-- Opening Marker --

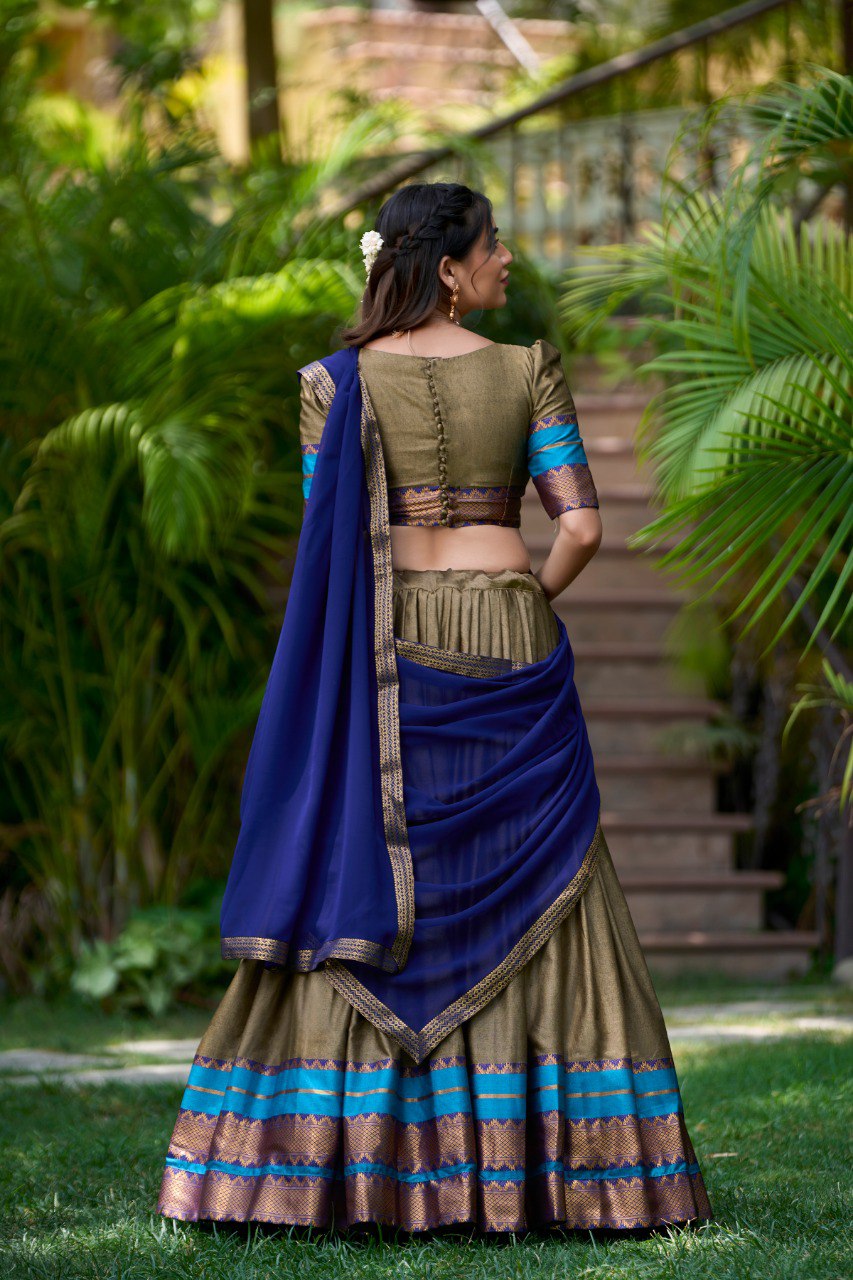 Chiku Color Zari Weaving Work Cotton South Indian Lehenga Choli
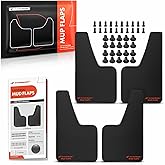 A-Premium Universal Mud Flaps for Most Cars Trucks SUVs, 4 Pack Front Rear | Durable Splash Guards with Installation Hardware, Drilling Required Mudguards Protect Vehicle Paint Front and Rear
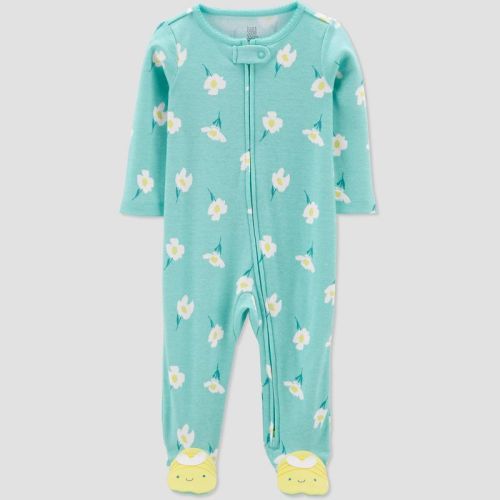 Baby Girls' Floral Bee Footed Pajamas - Just One You® made by carter's Blue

-- Closing Marker --

* _PROBLEM TO WORK ON_: Apart from the pictures, every line of the data above should be given again exactly.

* _OUTPUT_:
 Chiku Color Zari Weaving Work Cotton South Indian Lehenga Choli
 A-Premium Universal Mud Flaps for Most Cars Trucks SUVs, 4 Pack Front Rear | Durable Splash Guards with Installation Hardware, Drilling Required Mudguards Protect Vehicle Paint Front and Rear
 Baby Girls' Floral Bee Footed Pajamas - Just One You® made by carter's Blue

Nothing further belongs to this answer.